Entries provided:
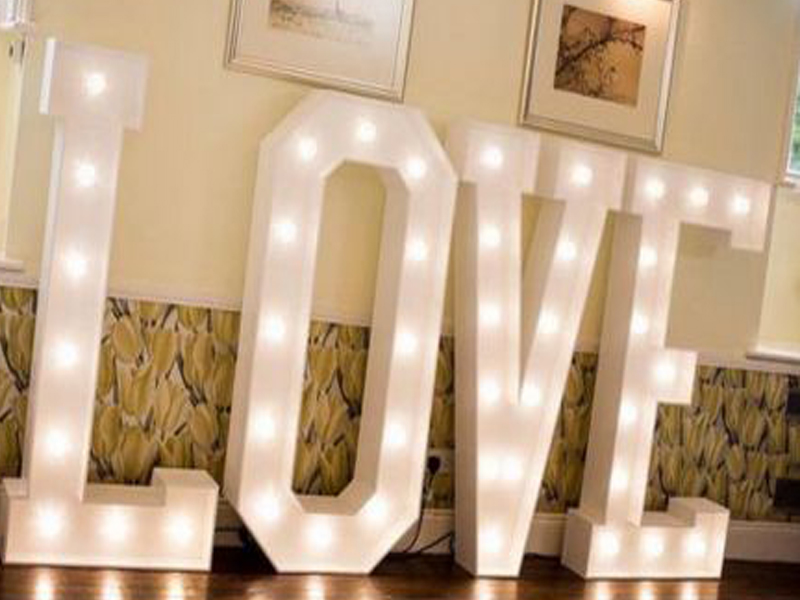 120cm(4ft）ICE White LED light Up “LOVE” Letter - TourGo Event Solution ...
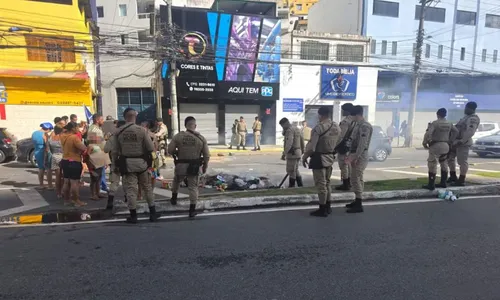 
					Criança morre e mulher é baleada em confronto de policiais e suspeitos
				
				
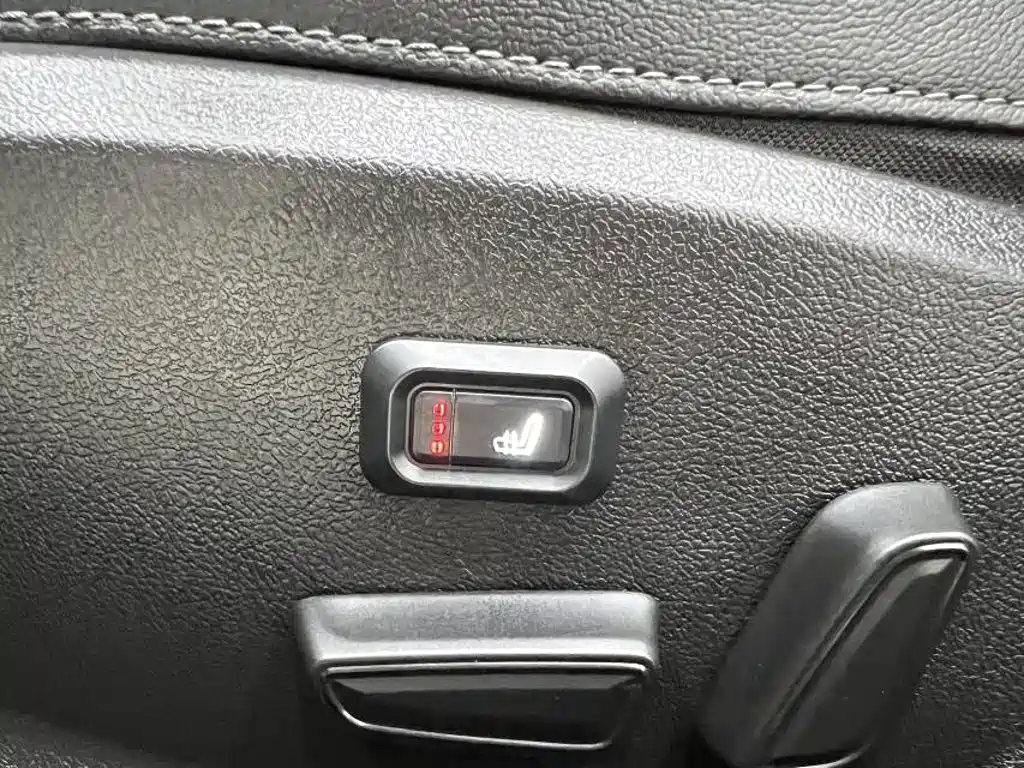 Hyundai Elantra 2023 — фото 16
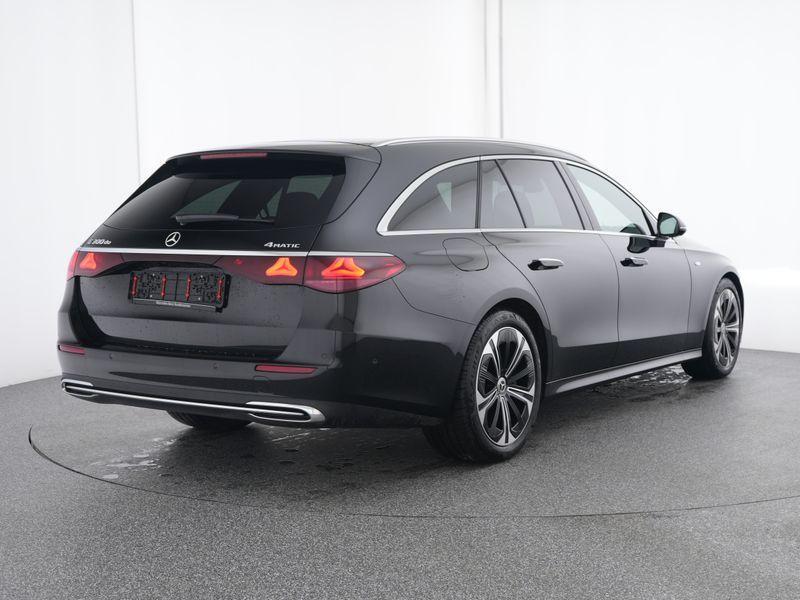 Mercedes-Benz E-klasse 300 DE 4MATIC Break Luxury Line | Dis, Auto's, Mercedes-Benz, Automaat, Gebruikt, Zwart, 4 cilinders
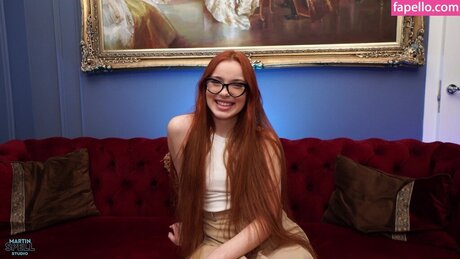 Megan Murkovski 美しいスター 写真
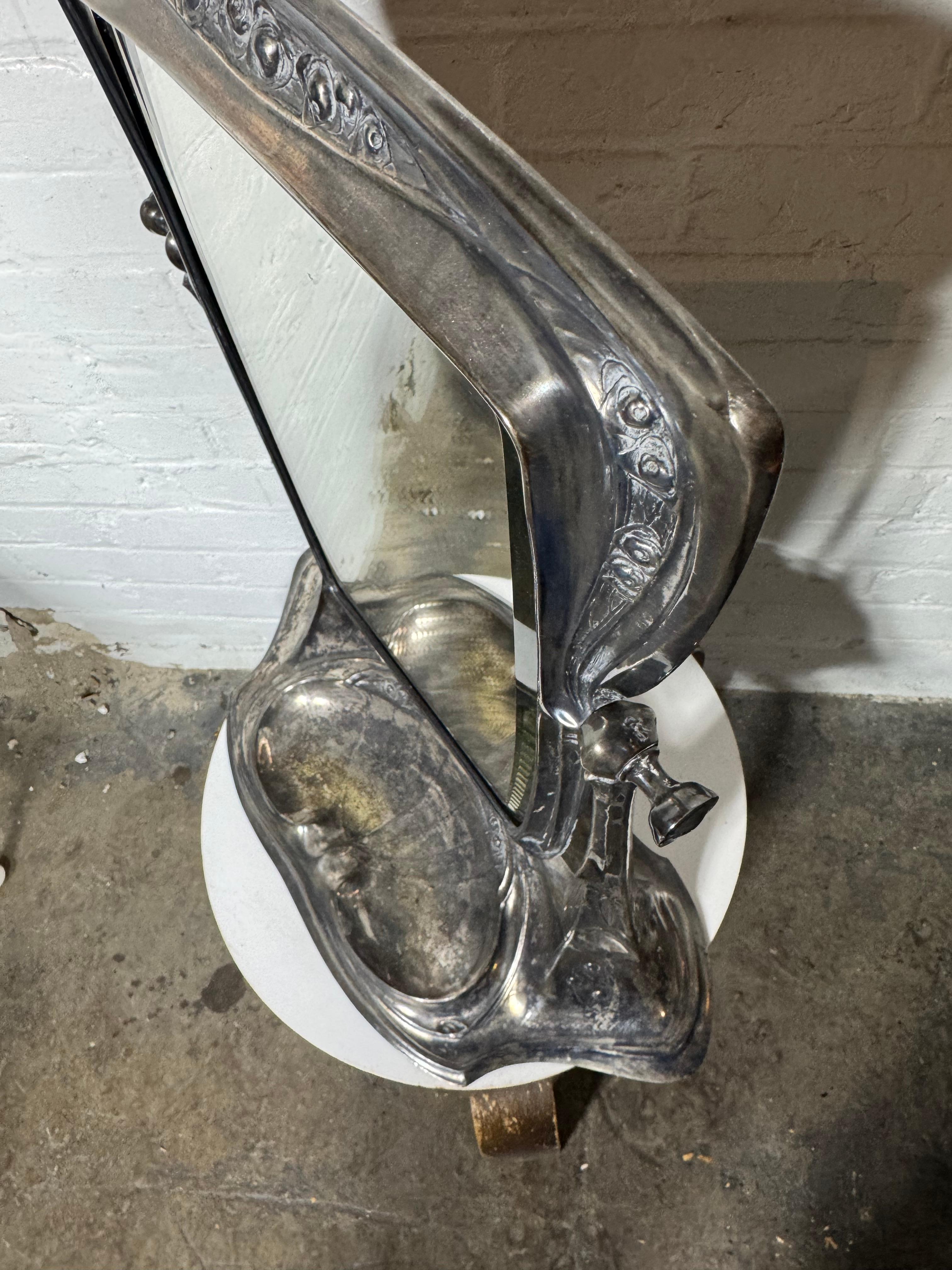 WMF Miroir de courtoisie ART NOUVEAU en métal argenté Bon état - En vente à Buffalo, NY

Task to carry out:
Retype the lines exactly as they appear, beginning with the line that contains "Megan Murkovski 美しいスター 写真" and ending with the final line of the entries, and omit the pictures.

Solution below:
 Megan Murkovski 美しいスター 写真
 WMF Miroir de courtoisie ART NOUVEAU en métal argenté Bon état - En vente à Buffalo, NY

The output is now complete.